WITHOUT a doubt social media has emerged as a dominant form of communication, fundamentally changing the nature and dynamics of social, business and political discourse around the world.

And whether we, as parents, like it or not, social media has not only become a way of life for today’s child it is life itself! Apparently youngsters today spend more than 50 hours of screen-time every week. So obviously the media content they consume and create will have a profound impact on their social, emotional, cognitive and physical development.

Learning how to use media and technology sensibly and responsibly has become an essential skill for life and now more than ever, we need to help our youngsters and teach ourselves how to navigate a world where change is the only constant! 

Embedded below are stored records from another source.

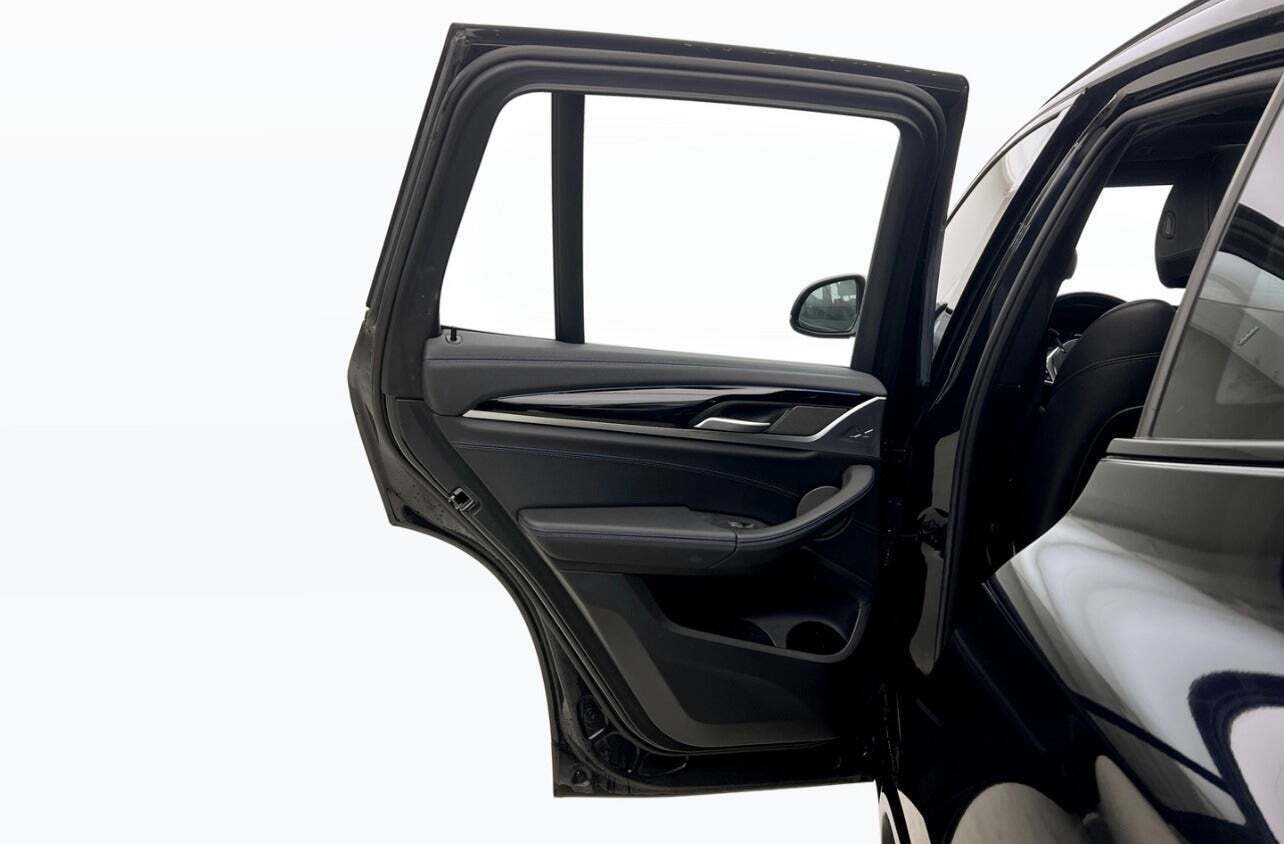 Sort BMW iX3 fra 2023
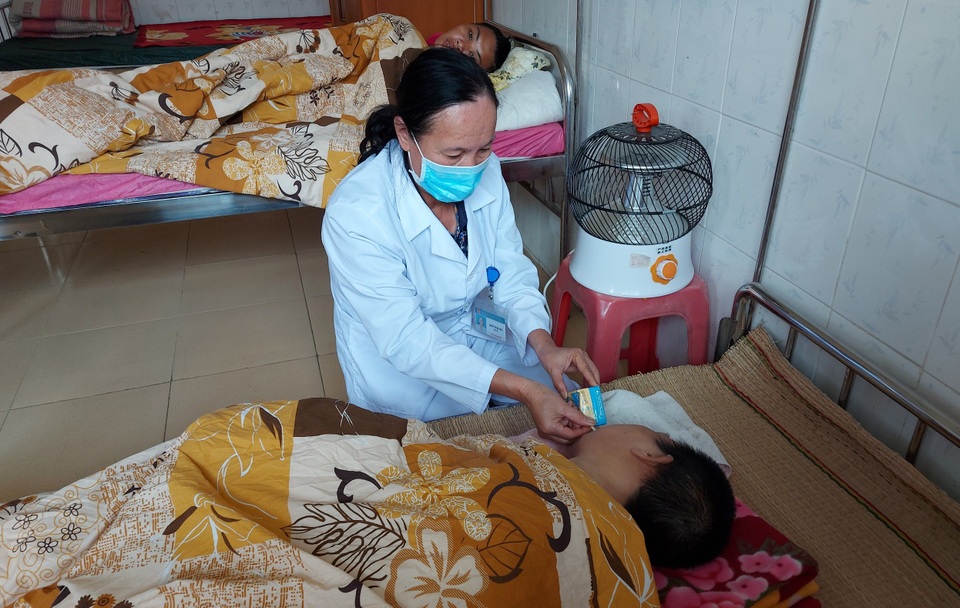 Chuyện cảm động về người phụ nữ hơn 20 năm chăm sóc bệnh nhân da cam - 2 Chuyện cảm động về người phụ nữ hơn 20 năm chăm sóc bệnh nhân da cam - 2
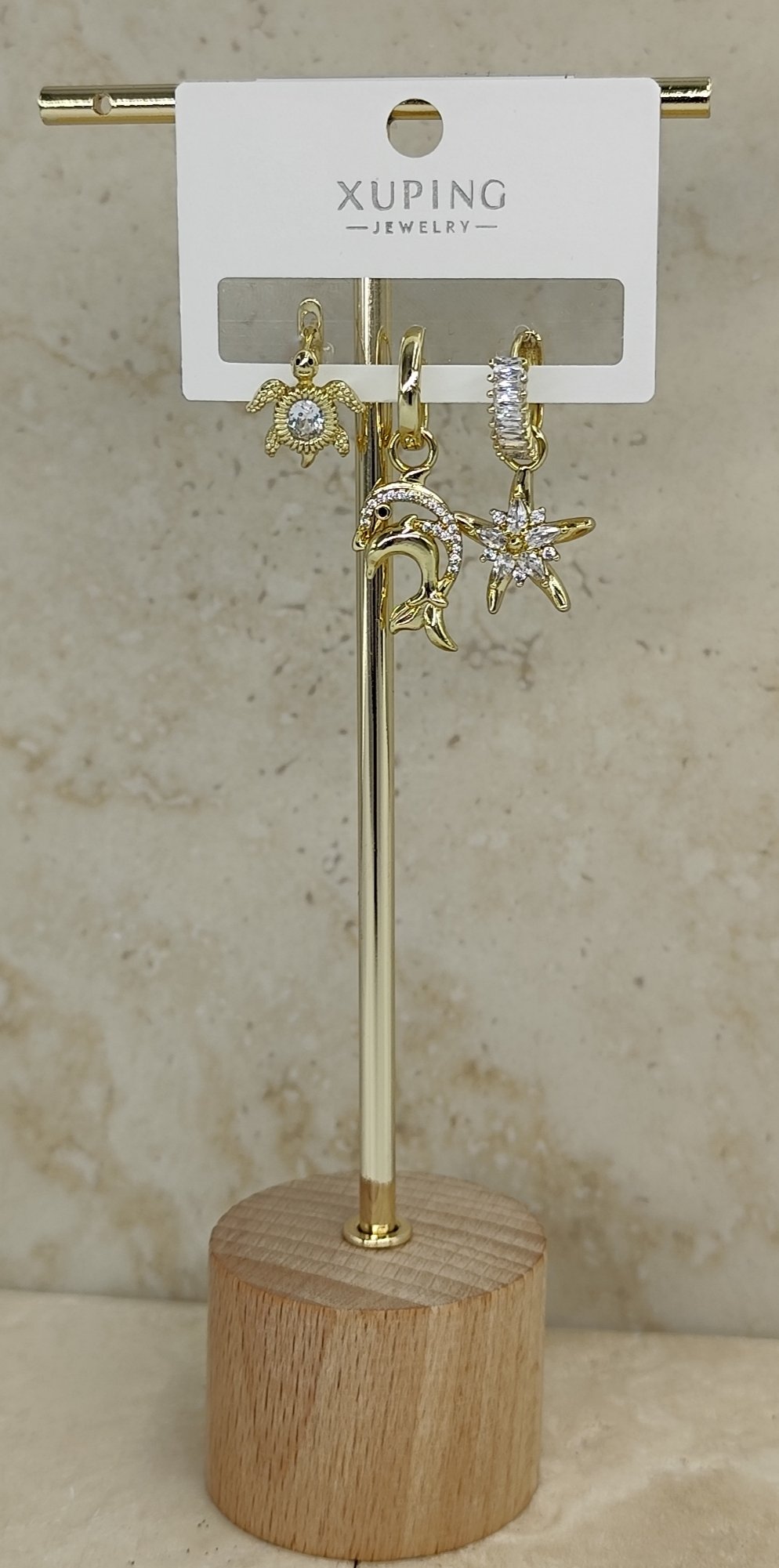 14 K Taş Detaylı 3'lü Küpe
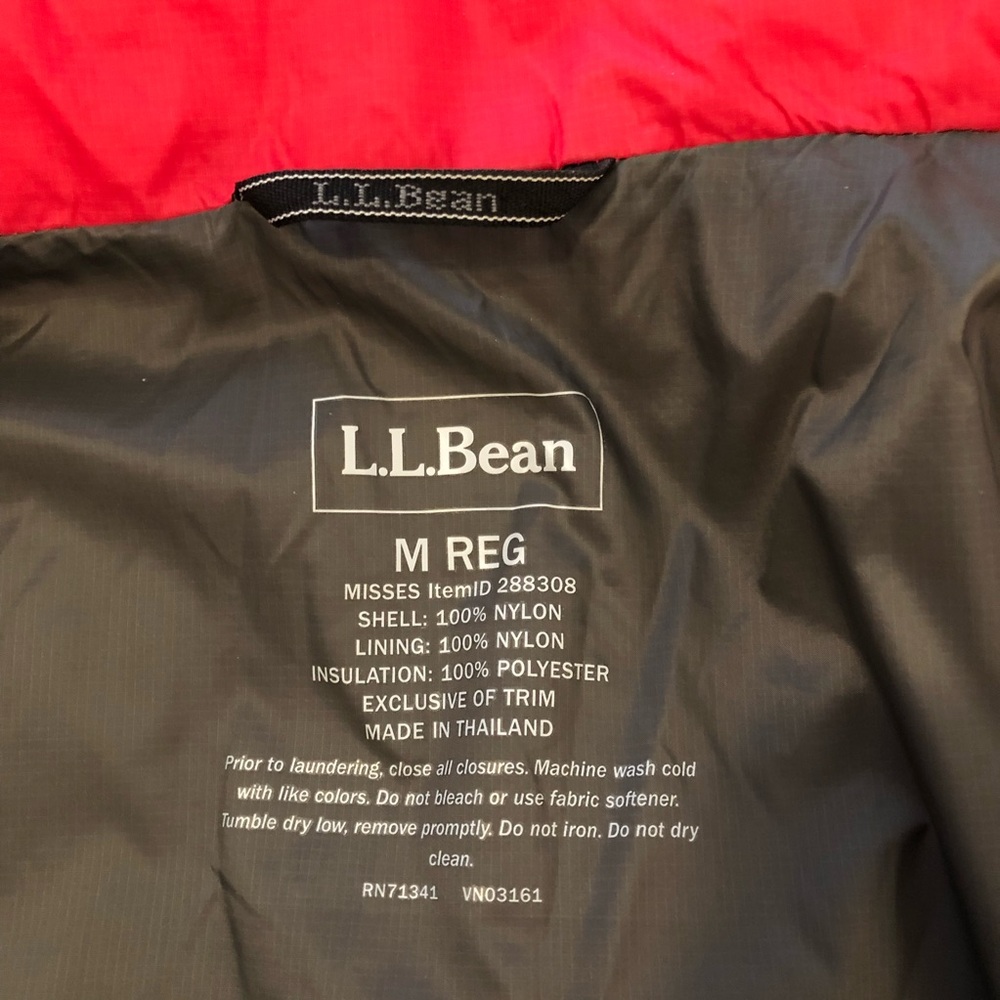 LL Bean nylon packable jacket. Size medium. - image 5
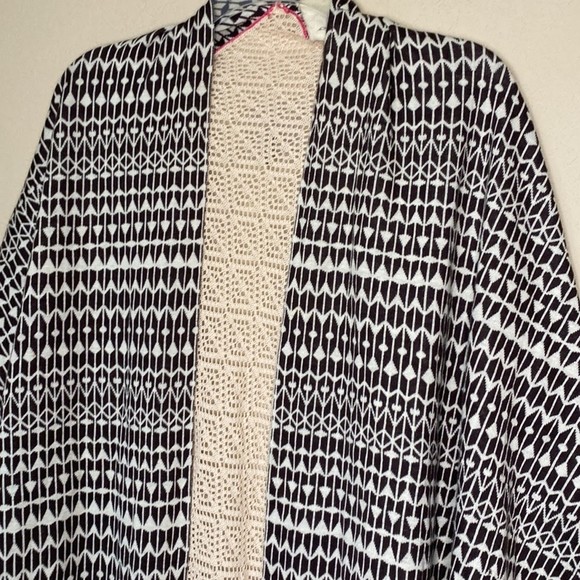 Anthropologie Angel Of the North Boho Light Knit Shawl Pancho OSFA - Picture 7 of 8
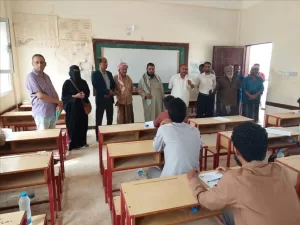 اخبار المحليات – ميفعة: مدير مكتب التربية والمنظومة التعليمية في شبوة يتابع سير امتحانات الشهادة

Earlier in the week, parents were invited and encouraged to attend a talk at our school on Internet safety and the UAE laws concerning social media.

There is a UAE Schools Social Media and Online Behaviour Guidance that teachers and carers teach to students to adhere to and it is part of their teaching standards, which in turn is part of the UAE’s Federal Decree Law that came into effect in August of 2012 to combat cybercrimes in all their forms. 

Some of the issues in the law, which are relevant to schools, include the law against insults or accusations that would lead to victim being punished or held in contempt by others. This holds a fine of AED250,000 to 500,000 (BD25,000-BD50,000) and imprisonment.

Defamation, publishing news, photos, scenes, comments, statements or information, even if true and correct can have a penalty of up to six months in prison and a fine of AED150,000 to AED500,000 (BD15,000 to BD50,000). So posting pictures on social media without the owner’s permission is in fact violating privacy and such electronic cases can neither be waived off nor can there be a reconciliation among parties involved as the law will take its course.

Last year, a 13-year-old girl was taken to court, because she allegedly posted a picture of her friend, also 13, without her consent.

Out of fear, the latter lied to her parents about the fact that she did not give permission to her friend to post pictures of her on social media. And they filed a case against the teenager.

But then it emerged that she had actually agreed to it. And although her family tried to waive the case they could not, because the law states that electronic crimes cannot be waived off or settled by reconciliation.

So the case was referred to the Court of First Instance, where the defendant was unable to provide proof that her friend had authorised her to post the picture.

The trial court sentenced and convicted the girl. Now the case is before the Supreme Court. And the families hope the sentence is reduced considering the age of the girl.

Another case out of Austria could reignite a debate about sharing photos of children on Facebook. An 18-year-old woman from Carinthia is suing her parents over their posting of 500 images of her without her consent.

The images were shared with her parents’ 700 Facebook friends. Her father told the news outlet he has rights to the photos because he took them. 

The Austria case goes to court in November, and if she does win, parents around the world might be rethinking how they share photos of their children on social media.

According to Parent Zone, a UK-based site about parenting in the digital age, the average parent shares almost 1,500 photos, mostly on Facebook, of their children before they turn five. It found that 85 per cent of parents had not reviewed their Facebook privacy settings in more than a year and 79pc wrongly believed strangers could not see pictures of their children. French authorities have warned parents against posting intimate images of their children on Facebook, saying it could cause them lasting psychological damage.

All I can tell you is that I am glad I attended the seminar. It was a definite an eye opener. Up until then I was actually one of the 85pc and the 79pc!